▸ ASSIGNMENT:
Exactly as written, retype the listing below, omitting the pictures.

▸ PROVIDED RECORDS:
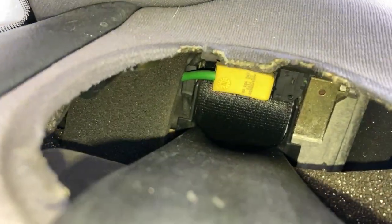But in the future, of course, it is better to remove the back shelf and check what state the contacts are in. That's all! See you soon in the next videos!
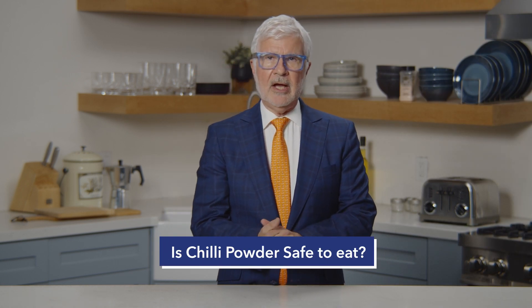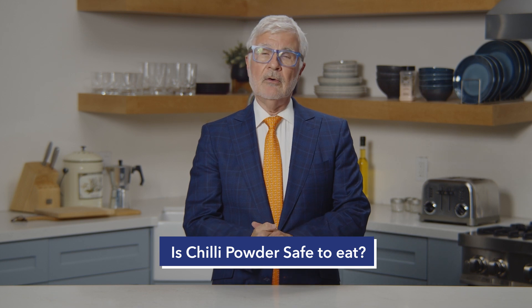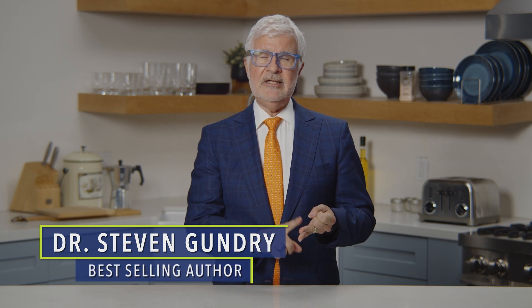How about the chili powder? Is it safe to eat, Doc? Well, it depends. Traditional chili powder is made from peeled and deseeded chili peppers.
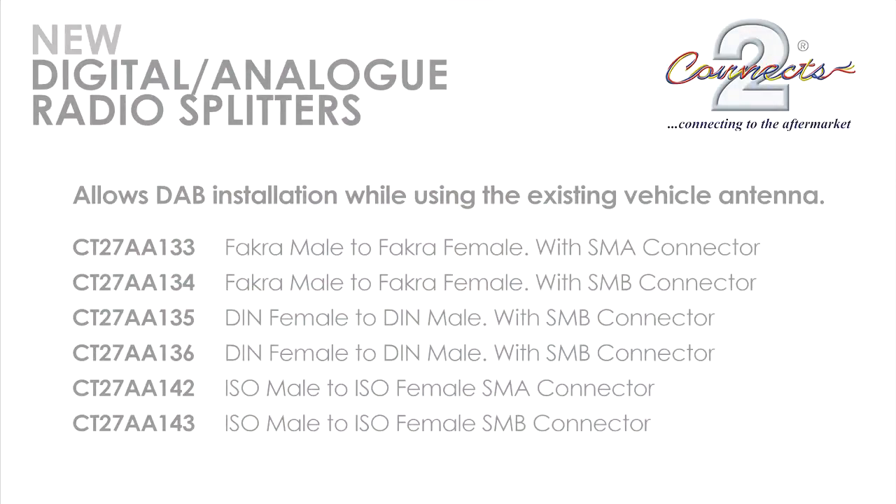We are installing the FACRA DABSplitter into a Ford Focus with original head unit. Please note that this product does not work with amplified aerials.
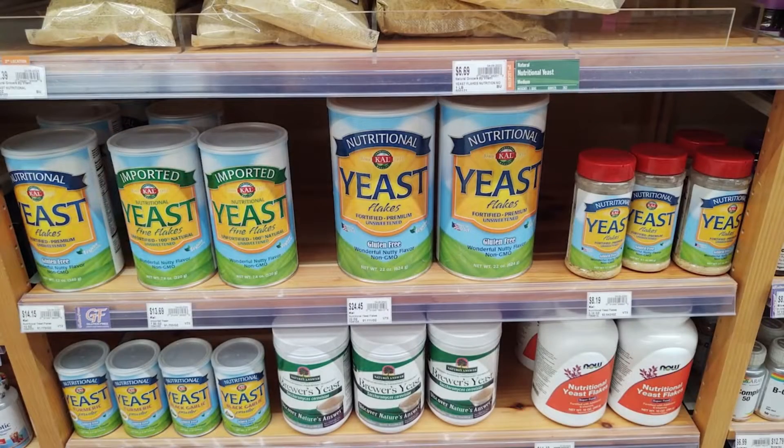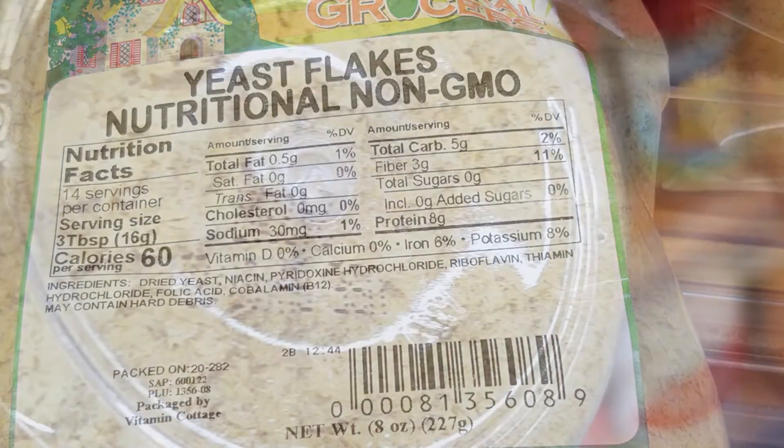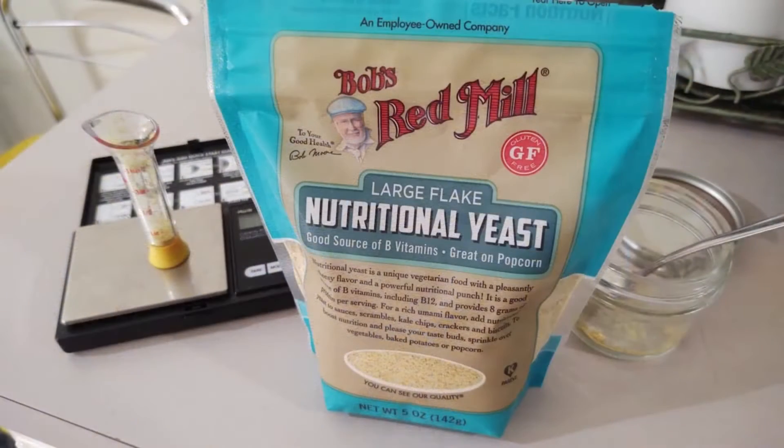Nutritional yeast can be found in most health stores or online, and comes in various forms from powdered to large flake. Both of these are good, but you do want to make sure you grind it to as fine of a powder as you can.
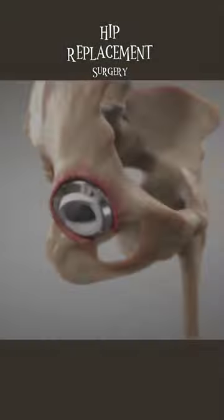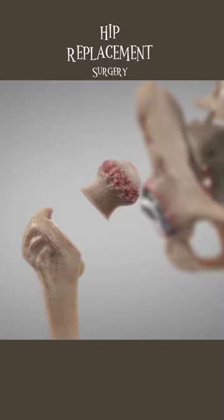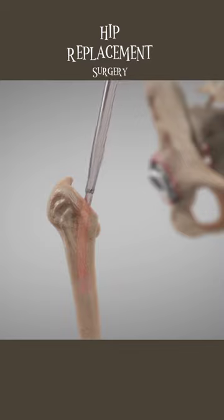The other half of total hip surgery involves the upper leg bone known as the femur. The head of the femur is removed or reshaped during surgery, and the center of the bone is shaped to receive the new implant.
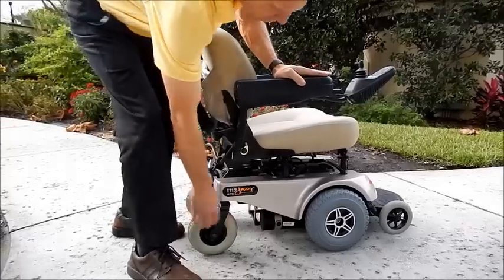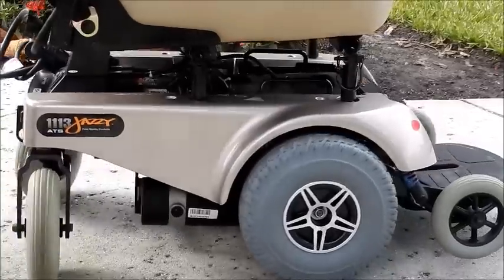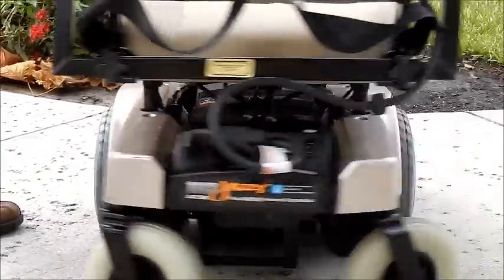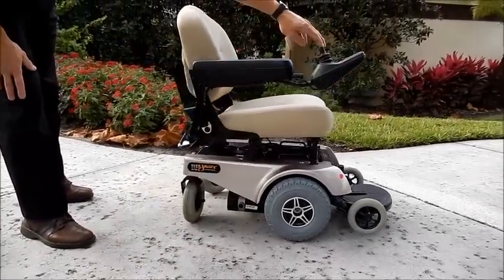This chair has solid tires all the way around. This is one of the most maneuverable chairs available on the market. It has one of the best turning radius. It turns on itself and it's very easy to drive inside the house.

▸ TASK RESPONSE:
But in the future, of course, it is better to remove the back shelf and check what state the contacts are in. That's all! See you soon in the next videos!
How about the chili powder? Is it safe to eat, Doc? Well, it depends. Traditional chili powder is made from peeled and deseeded chili peppers.
We are installing the FACRA DABSplitter into a Ford Focus with original head unit. Please note that this product does not work with amplified aerials.
Nutritional yeast can be found in most health stores or online, and comes in various forms from powdered to large flake. Both of these are good, but you do want to make sure you grind it to as fine of a powder as you can.
The other half of total hip surgery involves the upper leg bone known as the femur. The head of the femur is removed or reshaped during surgery, and the center of the bone is shaped to receive the new implant.
This chair has solid tires all the way around. This is one of the most maneuverable chairs available on the market. It has one of the best turning radius. It turns on itself and it's very easy to drive inside the house.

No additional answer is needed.